Mega pozytywny tekst. Bobby śpiewa, że nie warto się niczym przejmować, bo problemy stają się jeszcze większe. Wymienione są częste problemy ludzi w tamtych czasach. Brak dachu nad głową, pieniędzy, drugiej połówki, problemy z prawem. Borykamy się z tym także teraz i raczej nigdy tego nie ominiemy.
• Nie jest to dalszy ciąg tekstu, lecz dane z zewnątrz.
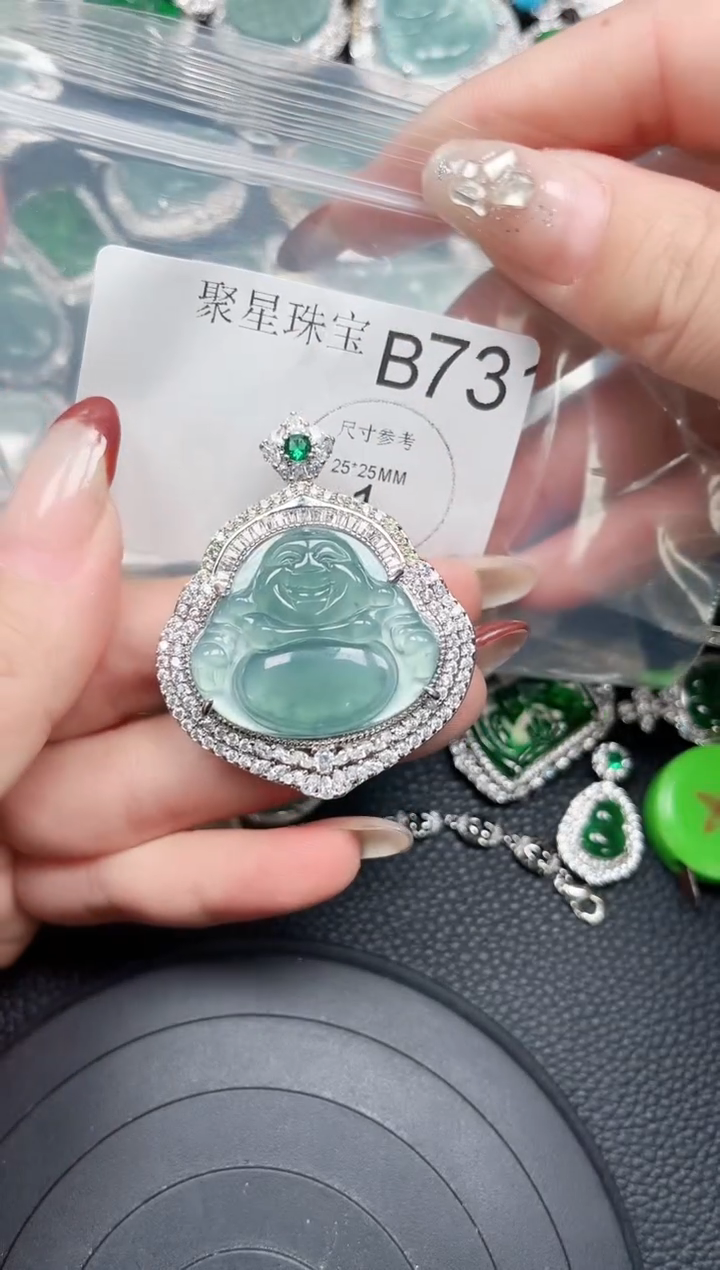 【闪购商品】翡翠颈饰未镶嵌赠皮绳731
Najlepiej, jeśli mamy z kim porozmawiać i powiedzieć to, co nam leży na sercu, od razu poczujemy ulgę. Jednak pamiętajmy, że musimy być szczęśliwi bez względu na wszystko, bo inaczej zepsujemy innym dzień, którym akurat tego dnia się układa. Cudny tekst, który zaszczepia pozytywizm w człowieku.
Teledysk również ciekawy. Gwizdanie i pstrykanie palcami, taka mała rzecz a potrafiła dodać uroku. Miejsce akcji to bardzo przytulny pokój, który rozświetla kominek. Trzech sympatycznych panów rozśmiesza nas tańcem i wygłupami. Jeśli wesoły tekst to musi być też wesoły klip . Istna sielanka, tańczymy, śpiewamy nic nas nie obchodzi.
Takie utwory lubię, lekkie i wesołe, wpadające w ucho na całe lata.